‘Never say never’: Longtime CDOT avalanche expert puts this month’s slides into historical context (podcast)
It was a relic of grainy Disney Studios footage from 1957 that elicited the loudest gasps from the audience at Wednesday’s Colorado Department of Transportation avalanche lecture at the Frisco Historic Park & Museum.
In the brief black-and-white clip, a deep-voiced narrator describes the fatal nightmare filmed by photographer John Hermann. At the time, 62 years ago, Hermann asked people living near the Continental Divide for the best location to film an avalanche. The story goes that longtime High Country locals pointed Hermann to what they referred to as the “Dam Slide,” an avalanche path above Berthoud Pass on U.S. Highway 40 on the border of Clear Creek and Grand counties.
In sharing this story on Wednesday, longtime CDOT avalanche mitigation and snow removal expert Ray Mumford said that the longtime locals Hermann spoke to thought there was no way a Dam Slide avalanche would ever reach the road where he and highway department supervisor Wayne Whitlock would set up.
“So both men set up the camera on the highway and filmed,” the Summit Cove resident said, “and continued filming the avalanche until it reached the highway. This is that avalanche.
“Those are trees up there,” he said pointing to the top of the monstrous avalanche cloud as the video played. “Imagine standing there watching that coming and not getting out of there. And that happened in 1957. That was the last time it hit the highway until three weeks ago. I’ll be saying that a few more times in this presentation.”
Mumford repeated that phrase or phrases similar to it — that avalanches hadn’t reached certain High Country Colorado roads for years — several times on Wednesday. That included when he referred to the slides that reached portions of Interstate 70 within Ten Mile Canyon between Frisco and Copper Mountain.
In fact, it was Mumford whom CDOT reached out to earlier this month, the same weekend the first powder cloud engulfed the highway in the canyon. Mumford describes himself as “the old guy” of CDOT’s avalanche mitigation and snow removal community. He’s a lifelong Coloradan, originally from his family’s ranch on the land where Denver International Airport currently resides.

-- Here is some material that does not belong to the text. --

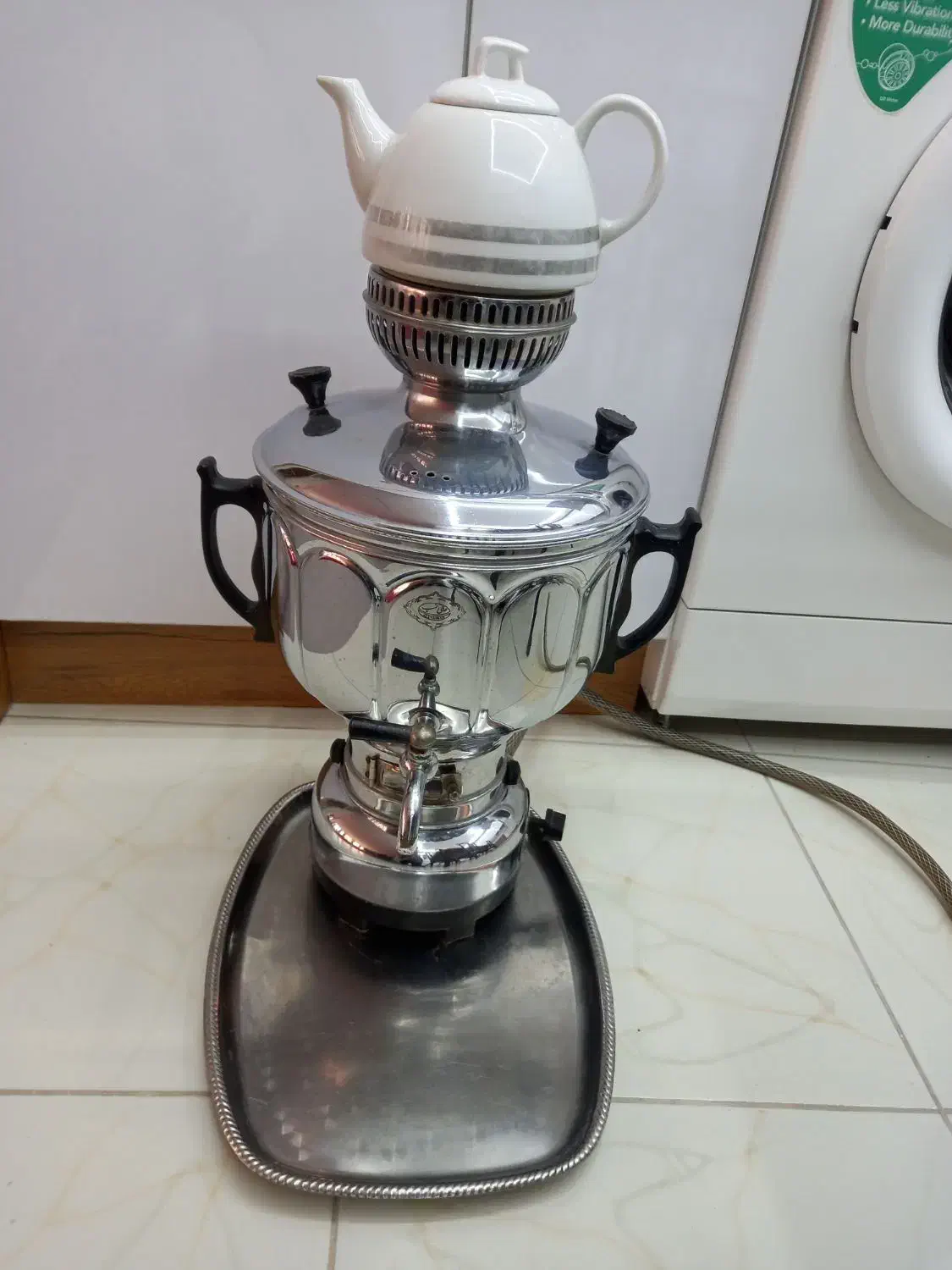 سماورقوری سینی|قوری، کتری، قهوه‌ساز دستی|میانه, |دیوار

He’s lived in Summit Cove for the vast majority of the time since he departed the U.S. Army in 1973. Way back when, Mumford set his sights on Summit County in 1973 with the hopes of getting a job with the state’s highway department, one of the few full-time gigs you could get in the High Country at the time.

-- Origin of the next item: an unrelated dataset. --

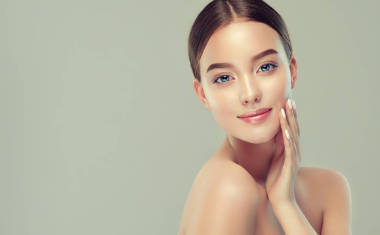 美麗的年輕微笑的女人潔凈的新鮮的皮膚看向別處女孩美麗的臉護(hù)理面部護(hù)理美容,b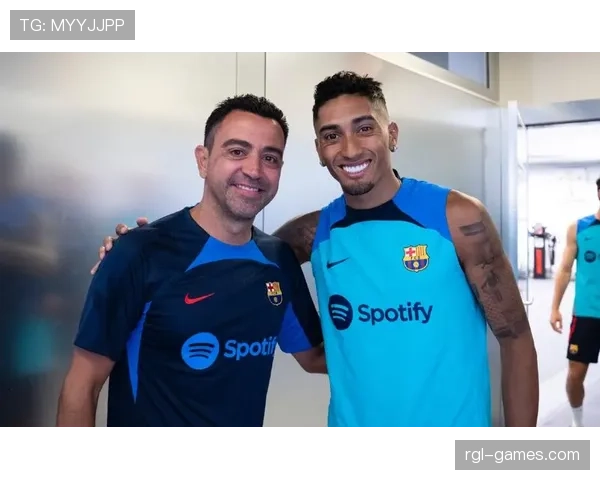 拉菲尼亚训练完直接去奢侈品店刷空卡？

In the near half-century since, Mumford estimates he’s worked on and witnessed hundreds, if not thousands, of avalanches across the state. From 1975 through 2008, Mumford worked full time with CDOT, including for a time as the department’s avalanche coordinator and trainer. From 2008 to 2016, he worked in a part-time role. In the few years since, he said CDOT continues to consult him for his expertise, including earlier this month.
To further put his career of avalanche work into perspective, Mumford said it wasn’t uncommon before new technology was introduced a few years ago for him to take part in 35 to 40 avalanche missions each winter in the Seven Sisters area near Loveland Pass.
But all of his years working on avalanches with CDOT paled in comparison to this month.
“When Ten Mile Canyon, when it starts putting snow on the road, it takes a special storm to do that for those paths to load up,” Mumford said. “When that happens something big is happening for sure. … When the first powder cloud came across Ten Mile Canyon, they asked me then, ‘when was the last time you saw an avalanche hit the highway?’ And I was like, ‘gosh, it was well over 30 years.’ And I’ll be darned the very next day an avalanche came across the highway and pushed a car over. And it started progressing from there.”